I guess I deep down believe that ,yes, it really can all just go away. It is a possibility. It is the first thing I thought of when 9/11 happened. Wow. It is just a little bit of America, imagine it was a whole city. Not impossible. But maybe and what if have lead me to quiet insanity before.
Now I wonder after seeing this video if it is simply the gut reaction that there is something fundamentally wrong with our culture,and that we cannot continue the present course.I try to avoid advertisement, but it has so diluted any media that it is difficult to see what's going on in the world and not be exposed. What bothers me most is when I don't even conciously hear it anymore. Because when I really listen it is pure insanity. Spin and play on words and images. Marketing to children whose parents are to exhausted from the treadmill they aquiesce just to shut them up. Can't disappoint the children!
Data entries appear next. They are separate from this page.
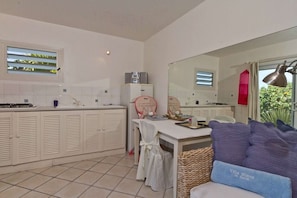 A modern kitchen with white cabinets, a dining area with a table and chairs, a large mirror, and a view of greenery outside.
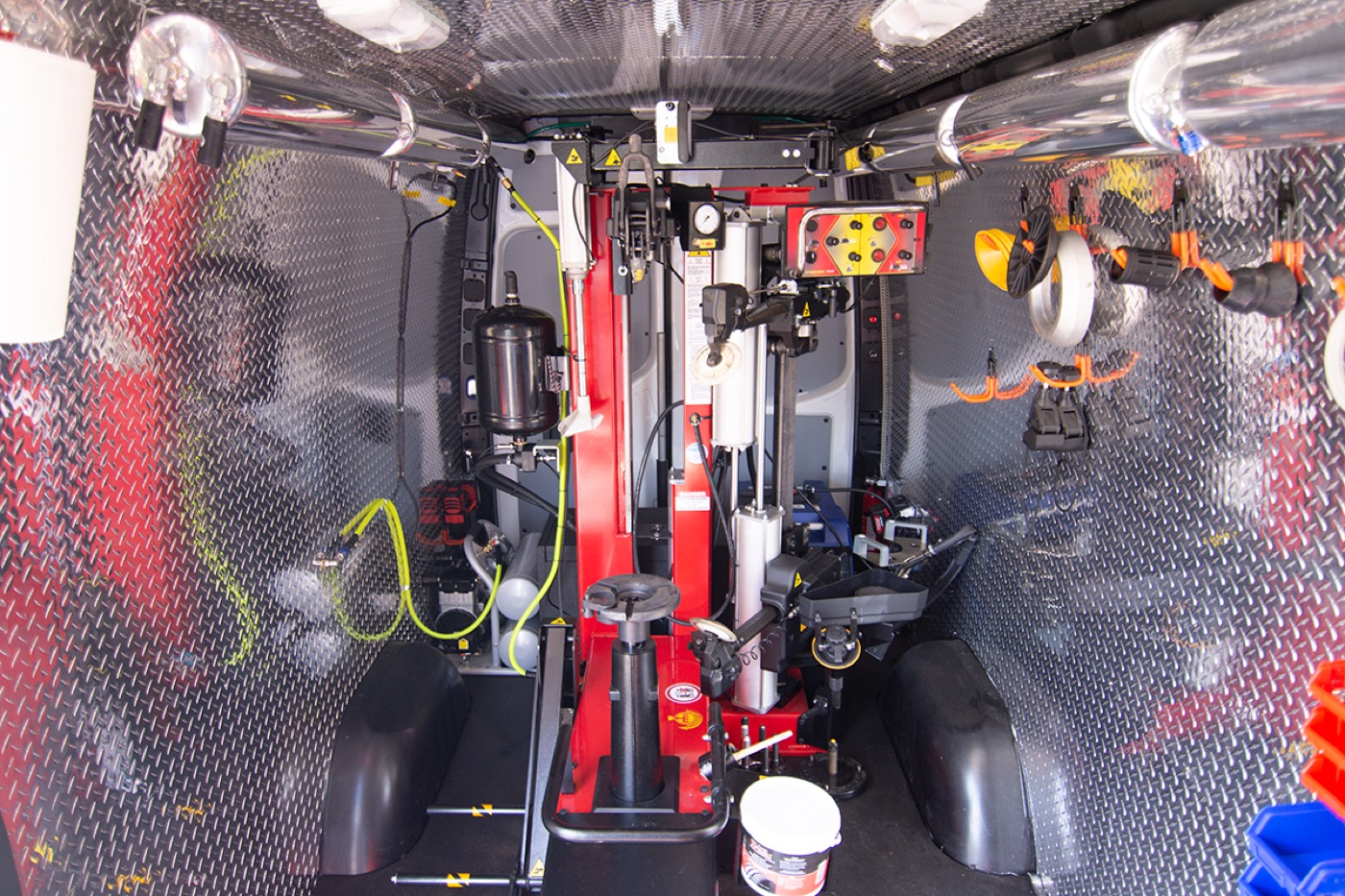 Inside a GoMobile Tires van: tire changer, wheel balancer and tools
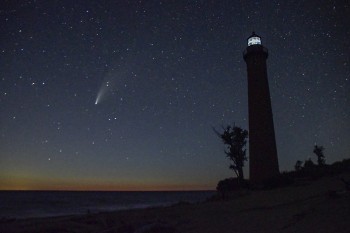 A comet in a starry night sky with the silhouette of a lighthouse visible in the foreground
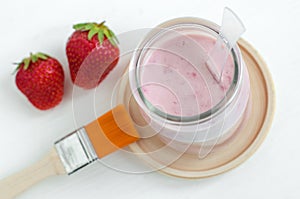 Homemade strawberry and greek yogurt face mask in a glass jar. Diy cosmetics. Top view, copy space.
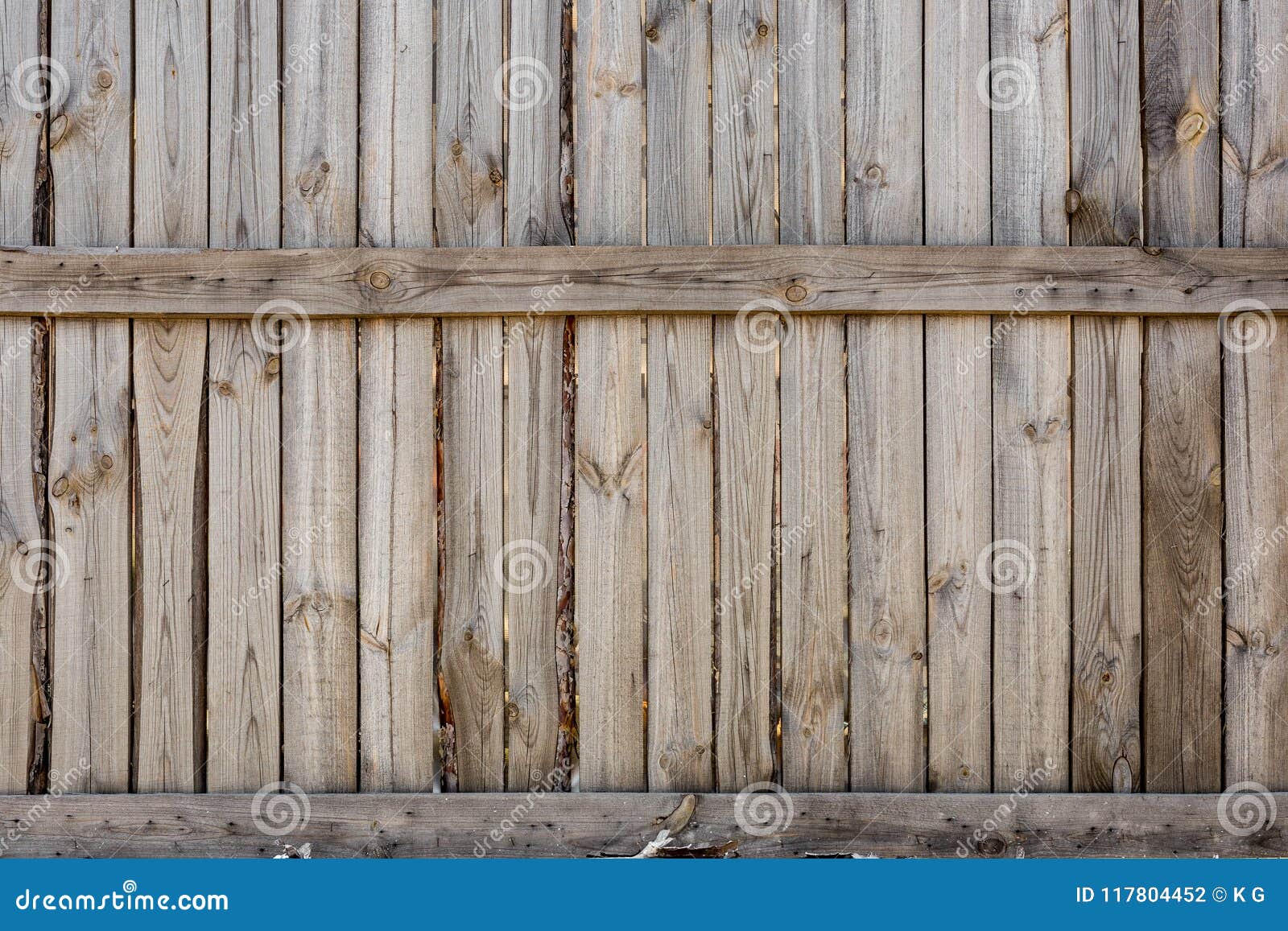 close-up of vertical simple oak wooden fence background. old knotted timber wall. vintage rustic pattern. copyspace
So as usual I will have my opinion and then promptly look in my own back yard, or gargbage can and shopping bag, as it were. So maybe I'll pledge in 2008 to not buy anything I won't use for 5 more years, or use up everything I have, or something noble like that... Drat, no more pen and paper splurges. I did realize over the last 10 years I have started and never filled at least as many journals. What made me think I needed a new one? I wonder.

Sunday, December 16, 2007

The mirror of the past

All this snow and ice has me housebound. The plow guy was MIA until noon after the storm. I came to fully appreciate how wimpy I have become when walked K2 to a playdate friend up the hill. Gee, this snow is deep. Didn't look so deep from the cozy warm front window... Even the cats recoil from the cold that blasts in the door and and they scurry away with pinched faces.

In this forced holding pattern, I had a rare gift. Hubby has been in one of his mad digital conversion fits. His goal is to convert every tape, slide, film, or other "ancient" media form into a library of digital files for posterity or who ever gets a kick out of it. I have had two reel to reel tapes since forever that my mom gave me. They were labelled cryptically in German with dates of 1960 and 1970.

So on my desk was a bright shiny new CD with mp3 files of ancient history. It took a little fiddling with volume and headphones to fully get it, but suddenly I was hearing my mother's voice. Much thinner, much younger. Then my father's. Talking to the tape which was to be sent to my mother's mother in Germany. They talked of their new town and church, of the friendly people, how things compared with their home. They talked of Kennedy's election over Nixon. I heard my mother giggle with the barely suppressed news that she was pregnant with the child before me, who would die in infancy.

The last segment she spoke to her sister in 1970. She rejoiced in having a rare afternoon to herself without the interruption of children. She was explaining the current stresses of her life- inflation, layoffs, kids turning to drugs. She mentioned each of us and where we were and what we looked like. All of our good qualities she praised. My father's work and the perilous position he was in with waves of layoffs. She was taking college courses to get her teaching certificate and the mother-juggling she had to do to get that all done and all of us taken care of.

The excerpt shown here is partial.